During the experiment, the engine will optimize the RAG Pattern for the selected metric over the given search space, using an objective function to evaluate each configuration.

```python
from ai4rag.search_space.src.parameter import Parameter
from ai4rag.search_space.src.search_space import AI4RAGSearchSpace
from ai4rag.rag.foundation_models.llama_stack import LSFoundationModel
from ai4rag.rag.embedding.llama_stack import LSEmbeddingModel


search_space = AI4RAGSearchSpace(
    params=[
        Parameter(
            name="foundation_model",
            param_type="C",
            values=[LSFoundationModel(model_id="ollama/llama3.2:3b", client=client)],
        ),
        Parameter(
            name="embedding_model",
            param_type="C",
            values=[
                LSEmbeddingModel(
                    model_id="ollama/nomic-embed-text:latest",
                    client=client,
                    params={"embedding_dimension": 768, "context_length": 8192},
                )
            ]
        )
    ]
)
```

> [!tip]
> To run automatic models discovery with Llama Stack you may use `prepare_search_space_with_llama_stack()` from `ai4rag.search_space.prepare_search_space`.


### Configure optimizer
You have full control over the optimization algorithm. Configure the `GAMOptimizer` by adjusting `GAMOptSettings`.

```python
from ai4rag.core.hpo.gam_opt import GAMOptSettings

optimizer_settings = GAMOptSettings(
    max_evals=10, n_random_nodes=4
)
```


### Run the experiment
Using the information from the previous steps, create an experiment and run the ai4rag optimization engine.

> [!note]
> For Llama Stack vector stores, use the `"ls_<provider_id>"` format where `<provider_id>` matches your Llama Stack
> provider configuration (e.g., `"ls_milvus"`, `"ls_qdrant"`).
> To use ChromaDB in-memory, specify `"chroma"`.

```python
from ai4rag.core.experiment.experiment import AI4RAGExperiment
from ai4rag.utils.event_handler import LocalEventHandler

experiment = AI4RAGExperiment(
    client=client,
    documents=documents,
    benchmark_data=benchmark_data,
    search_space=search_space,
    vector_store_type="ls_milvus",
    optimizer_settings=optimizer_settings,
    event_handler=LocalEventHandler(output_path="<local-path-to-store-your-output-files>"),
)

experiment.search()
best_eval = experiment.results.get_best_evaluations(k=1)[0]
print(best_eval)

print(best_eval.rag_pattern.generate("What ai4rag can be used for?"))
```

> [!tip]
> For production use, implement your own custom `EventHandler` to handle status changes and artifacts produced during the experiment.
> See the [`BaseEventHandler` implementation](http://github.com/IBM/ai4rag/blob/main/ai4rag/utils/event_handler/event_handler.py) for reference.


## Contribution
Pull requests are very welcome!
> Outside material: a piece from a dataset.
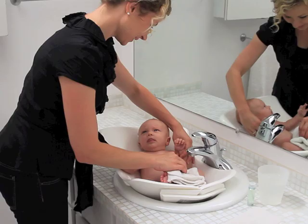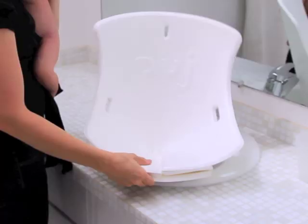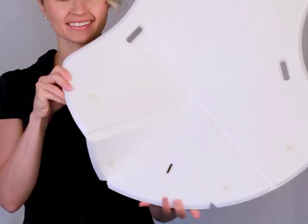The Pudge Tub. It's the easiest bathtub ever. You can quickly snap it together so it fits in your bathroom sink. It's so easy to use that you can set it up with one hand. That means bath time in no time at all.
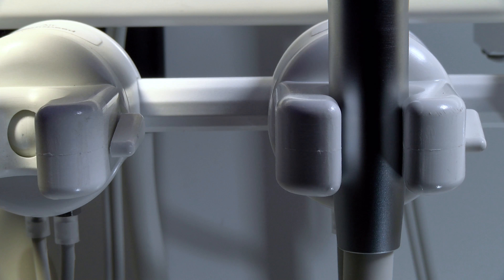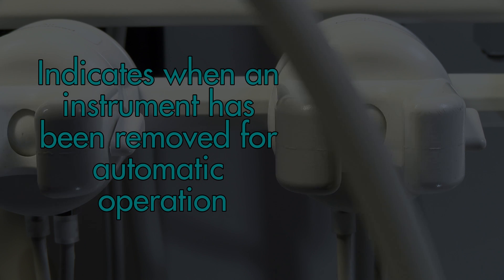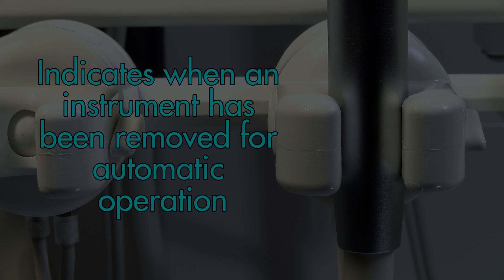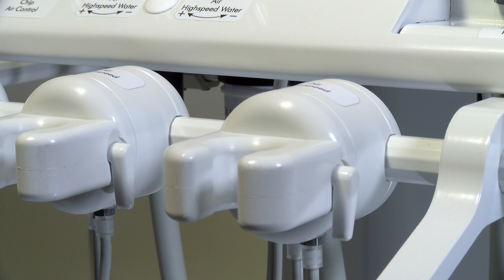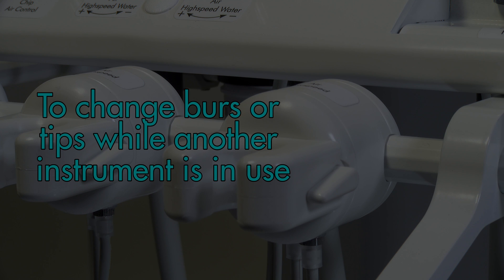The ball design in the base of the holder exactly indicates when an instrument has been removed for automatic operation. A side lockout lever enables the holder to be locked out to allow assistance to change burrs or tips while another instrument can be in use.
Make sure your patches are well tested. Ideally create a topic branch for every separate change you make. For example:

1. Fork the repo
2. Create your feature branch (`git checkout -b my-new-feature`)
3. Commit your changes (`git commit -am 'Added some feature'`)
4. Push to the branch (`git push origin my-new-feature`)
5. Create new Pull Request

See more details in [contributing section](contributing.md).